Другое дело, что всякий раз надо разбираться, что в случившейся трагедии от неизбежного несовершенства технического мира, а что из-за безалаберности человека, падения в нем чувства ответственности .
Техническое усложнение нашей цивилизации набирает обороты, человечество отстраивает цивилизацию как крепость, и я, наверное, соглашусь с поэтом Ольгой Седаковой в ее опасениях, как бы эта крепость не стала тюрьмой.
Человек в какой-то степени становится пленником разрастающейся цивилизации, отделяющей его от природы, и даже, если хотите, от его собственных глубин.
Современный человек в ряде случаев (а для многих - в большинстве случаев) часто становится пленником всех этих технических изобретений. Технический мир все расширяется и расширяется. И, знаете, какой-нибудь бушмен, бредущий по пустыне Калахари, чувствует и осознает тот мир, в котором он живет. А мы, живя в настолько разросшейся техногенной цивилизации, которую никто из нас до конца толком не знает, все дальше оказываемся затерянными в каких-то технических джунглях.
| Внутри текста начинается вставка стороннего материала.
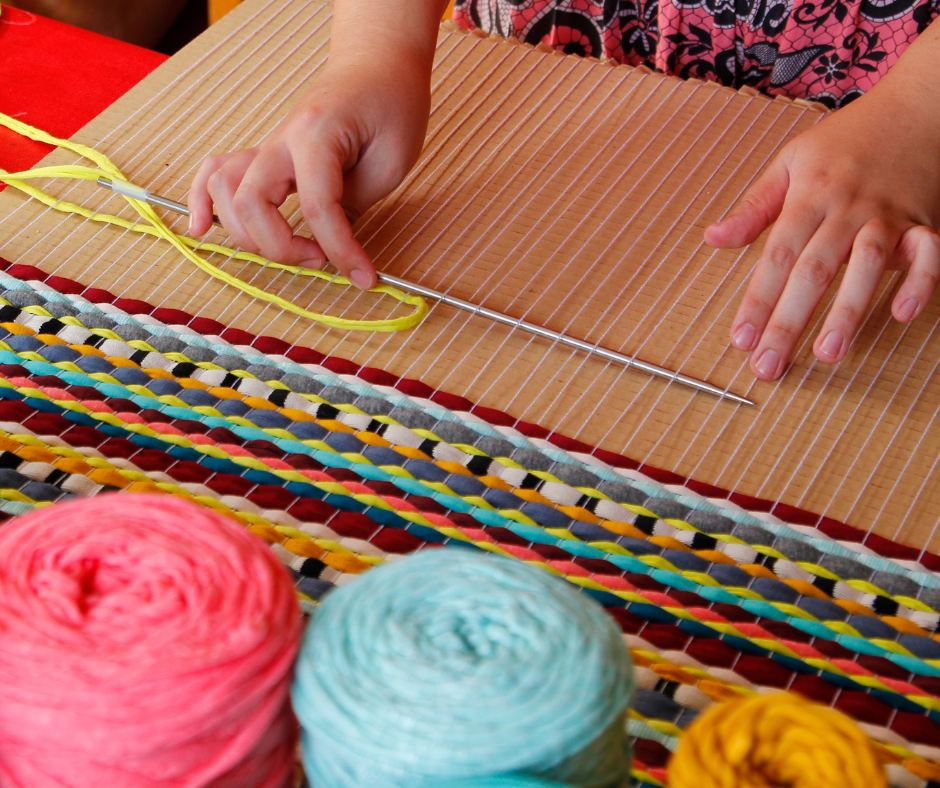 a cardboard loom, with hands weaving a thread through it.  A few skeins of yarn are next to the loom.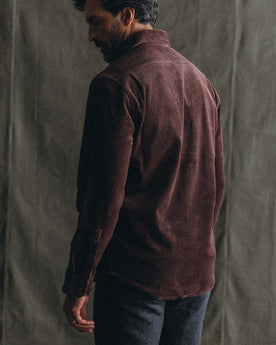fit model posing in The Utility Shirt in Burgundy Corduroy, Wovens by Taylor Stitch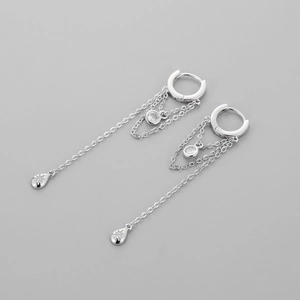 Detail view of S925 silver fringe earrings with long chains and sparkling zircon stones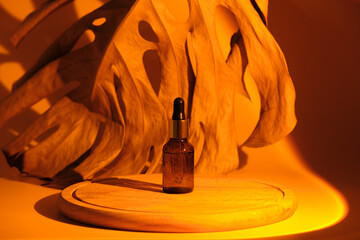 Glass vial bottle of essential oil or serum for facial care on a wooden round podium in the light of a sunset lamp. In the background, a dried brown monstera leaf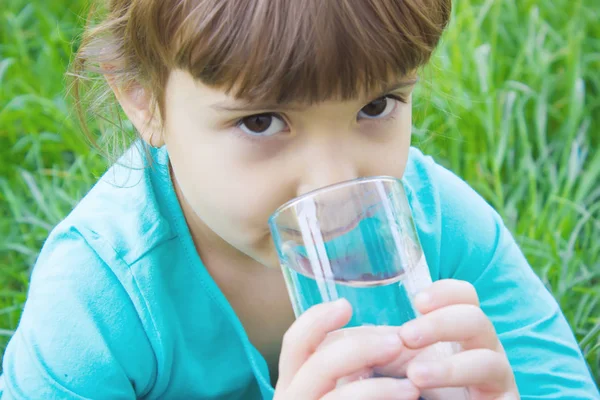 Il bambino tiene in mano un bicchiere d'acqua. focus selettivo . — Foto Stock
Когда я слушаю обрывки выступления большого знатока счетных машин и он что-то говорит о вещах, которые я абсолютно не понимаю, я четко осознаю, что преимущество менее технически развитой цивилизации в том, что она влезала в одну человеческую голову. А сейчас она так разрослась, что даже специалист знает только свой уголок этого огромного технического мира, притом что есть еще масса пространств, закоулков, пещер. И я бы сказал, что у современного человека есть потребность как-то уйти из этого разросшегося технического мира и какую-то часть жизни проводить в естественной среде, в созерцании не технического, а естественного мира.
Правда, человек в естественной среде зависит от естественных катастроф - засухи или наводнения, но сами эти события все-таки ему понятны. А с усложнением технической и экономической цивилизации создаваемый человеком мир становится настолько сложным, что отдельный индивидуум не может чувствовать его так, как чувствовал его житель пустыни, охотящийся с бумерангом на мелкую дичь. Я думаю, что нарастание кризисов в разных областях цивилизации неизбежно. Но главное в том, что разрастание этого технического мира ведет к разрушению биосферы, и если мы его не обуздаем, то оно разрушит мир, в котором мы живем, и лишит нас чистого воздуха, которым мы дышим. Серьезные статьи, посвященные анализу нарастающего экологического кризиса, написаны не панически, спокойно, но с трезвым учетом нарастающей опасности.
Сейчас хорошо бы вспомнить сообщения Римского клуба.